It may properly be added, that if the action had proceeded to judgment without interference from the husband, and such amount of damages had been recovered as a jury might have thought it proper to award, the money would have belonged to the husband, and the wife could not lawfully have touched a cent of it. Her attorney might, and doubtless would have paid it to her, but he could only have done so at the peril of being compelled to pay it again to the drunken husband if he had demanded it.
In another case, two ladies, mother and daughter, some time prior to 1860 came from an eastern county of New York to Rochester, where a habeas corpus was obtained for a child of the daughter, less than two years of age. It appeared on the return of the writ, that the mother of the child had been previously abandoned by her husband, who had gone to a western state to reside, and his wife had returned with the child to her mother's house, and had resided there after her desertion. The husband had recently returned from the west, had succeeded in getting the child into his custody, and was stopping over night with it in Rochester on the way to his western home. No misconduct on the part of the wife was pretended, and none on the part of the husband, excepting that he had gone to the west leaving his wife and child behind, no cause appearing, and had returned, and somewhat clandestinely obtained posession of the child. The Judge, following Blackstone's views of husband's rights, remanded the infant to the custody of the father. He thought the law required it, and perhaps it did; but if mothers had had a voice, either in making or in administering the law, I think the result would have been different. The distress of the mother on being thus separated from her child can be better imagined than described. The separation proved a final one, as in less than a year neither father nor mother had any child on earth to love or care for. Whether the loss to the little one of a mother's love and watchfulness had any effect upon the result, cannot, of course, be known.

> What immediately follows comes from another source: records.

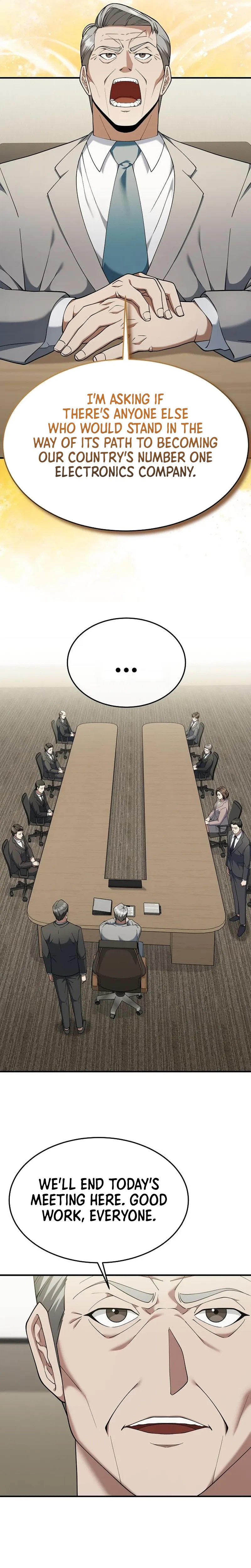 The Chairman Who Wants to Slack Off and Enjoy Life Chapter 9 - page 14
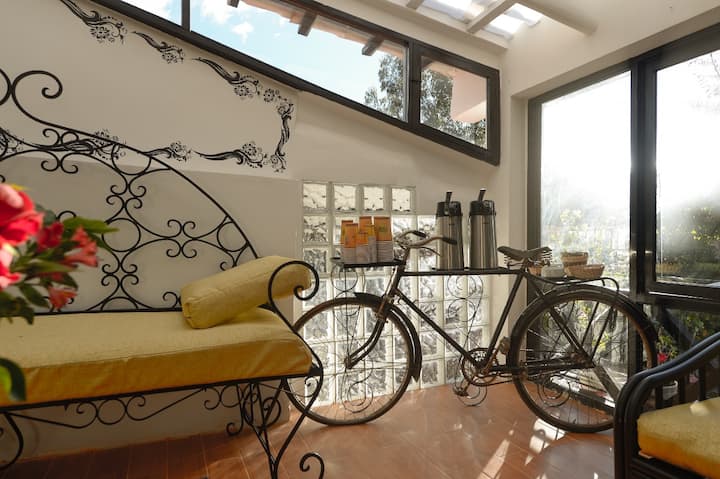 Tika Wasi Casa Boutique 4 - Cusco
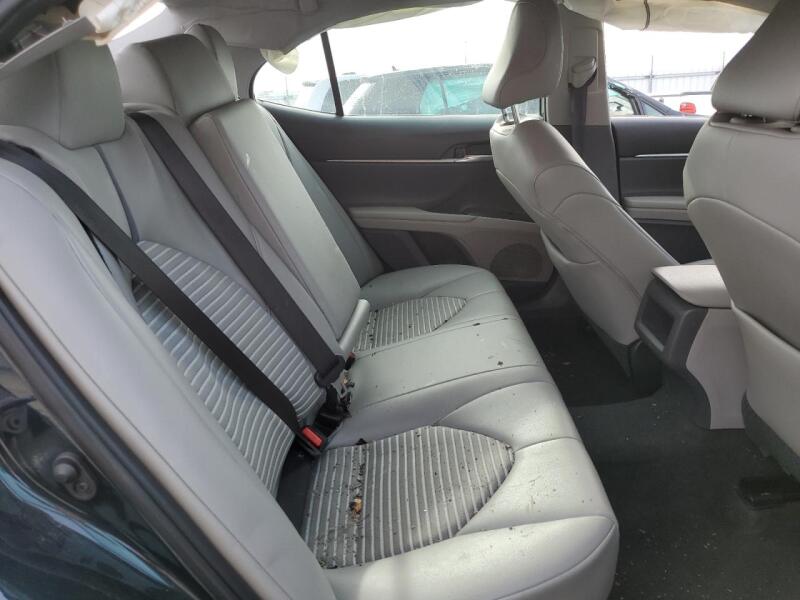 2021 TOYOTA CAMRY SE - 4T1G11AK2MU418829 | SeoVin.biz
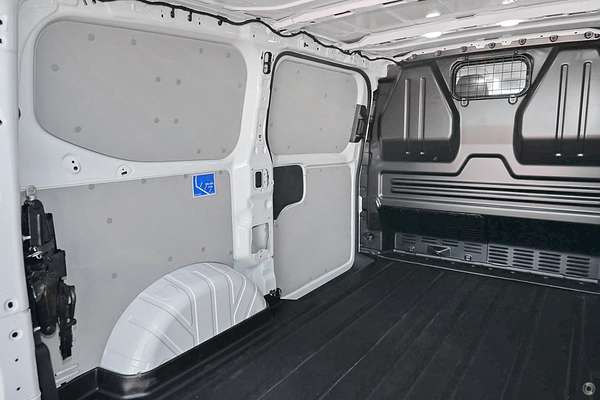 2025 Ford Transit Custom Trend SWB AV SWB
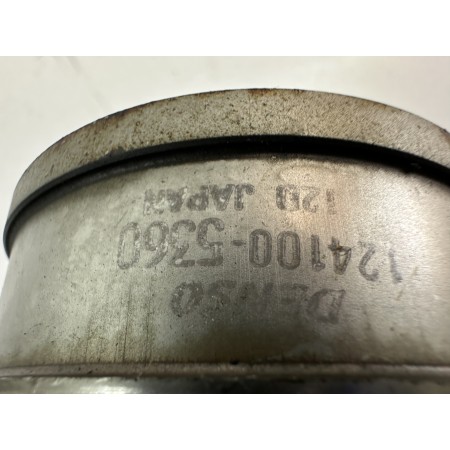 KÜHLER ÖLKÜHLER SUZUKI BURGMAN 650 2003-2005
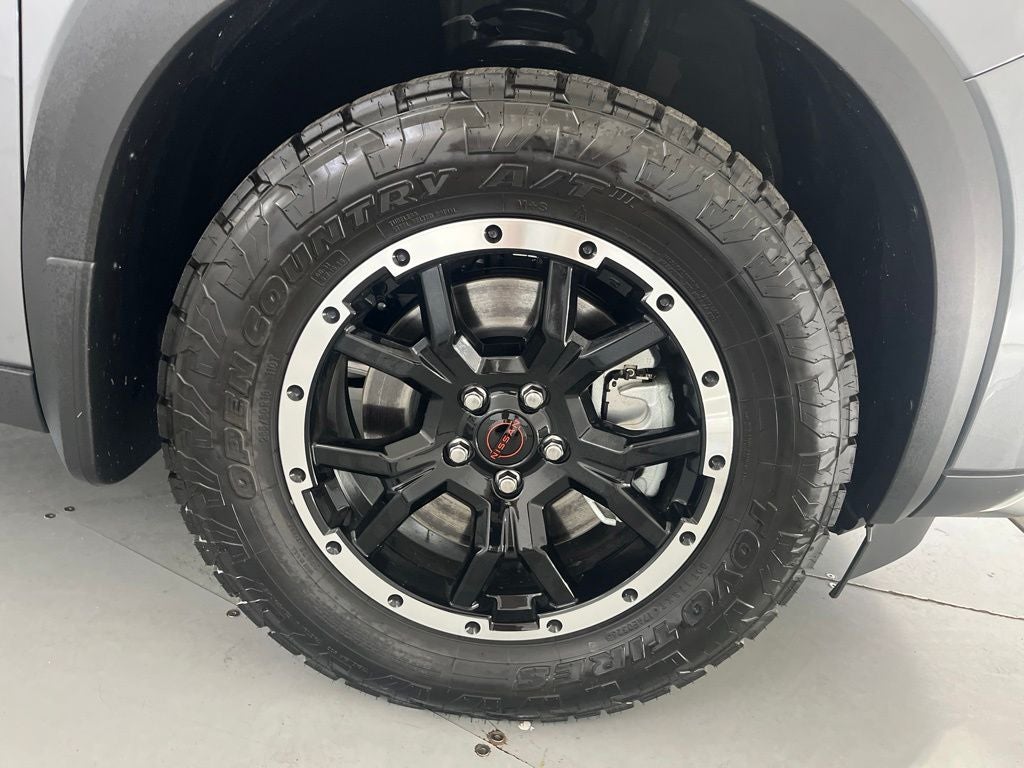 2026 Nissan Pathfinder Rock Creek
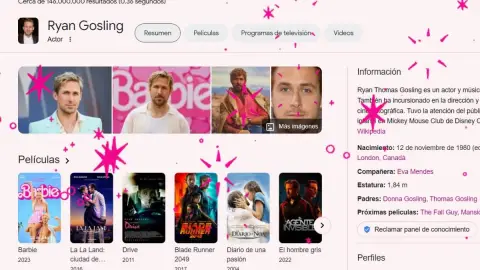 Ryan Gosling.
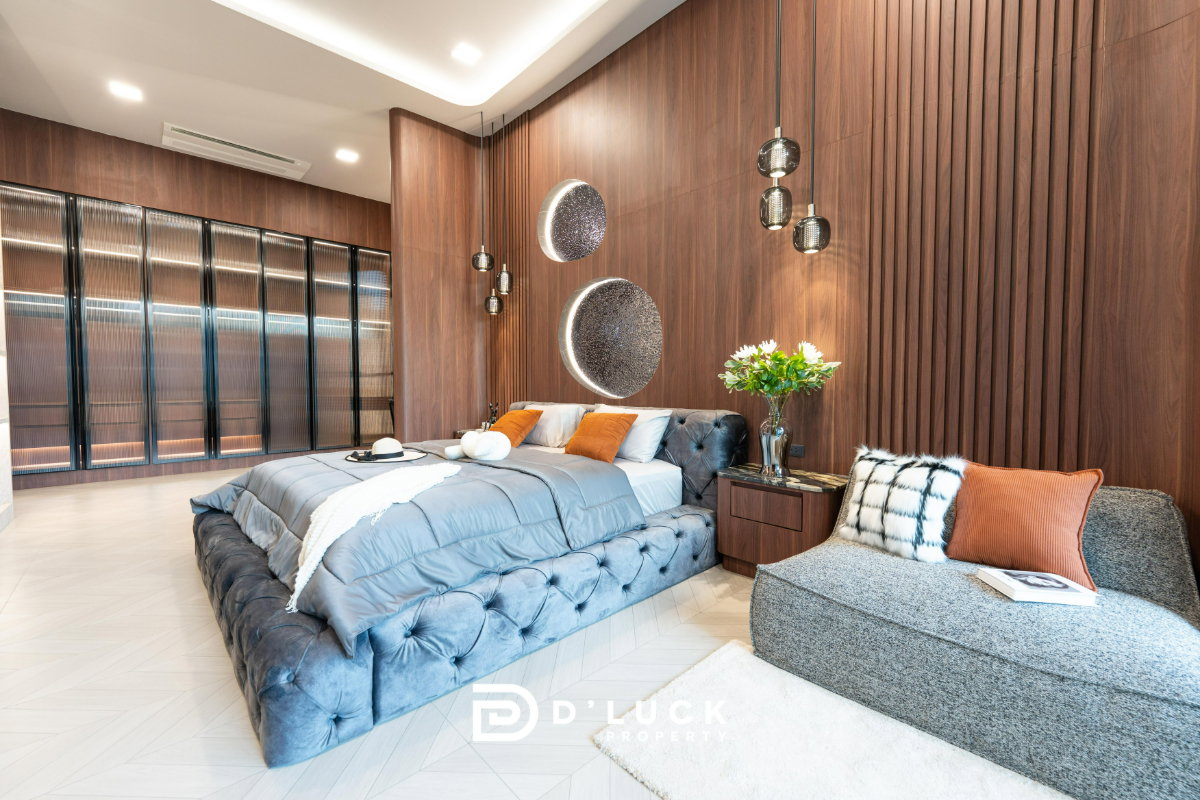รูป ขายวิลล่าหรู ระดับ 𝐔𝐥𝐭𝐫𝐚-𝐋𝐮𝐱𝐮𝐫𝐲 ในพัทยา 8 ห้องนอน วิวทะเลสาบ - รูปที่ 30/48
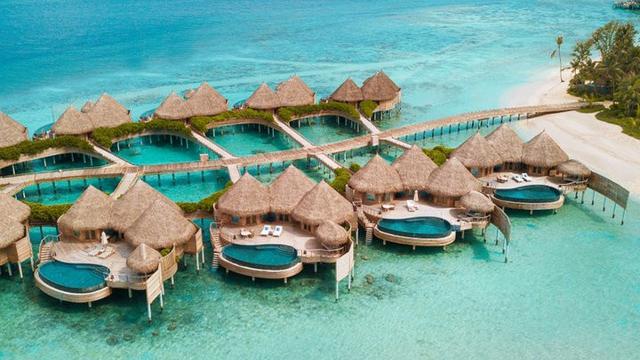 The Nautilus Maldives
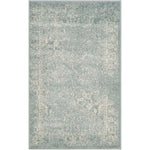 Safavieh Adirondack 109 Rug, Grey, ADR109 - Slate / Ivory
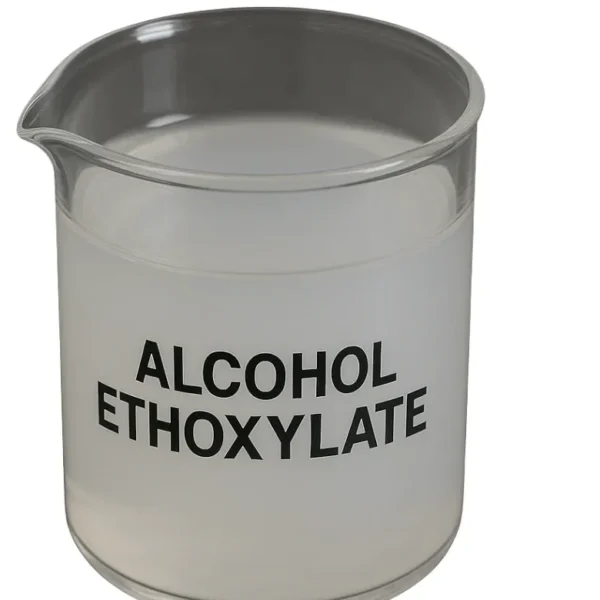 Alcohol ethoxylates nonionic surfactant liquid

The state of the law a short time since, in other respects, in regard to the rights of married women, shows what kind of security had been provided for them by their assumed representatives. Prior to 1848 all the personal property of every woman on marriage became the absolute property of the husband-the use of all her real estate became his during coverture, and on the birth of a living child, it became his during his life. He could squander it in dissipation or bestow it upon harlots, and the wife could not touch or interfere with it. Prior to 1860, the husband could by will take the custody of his infant children away from the surviving mother, and give it to whom he pleased-and he could in like manner dispose of the control of the children's property, after his death, during their minority, without the mother's consent.
In most of these respects the state of the law has undergone great changes within the last 25 years. The property, real and personal, which a woman possesses before marriage, and such as may be given to her during coverture, remains her own, and is free from the control of her husband.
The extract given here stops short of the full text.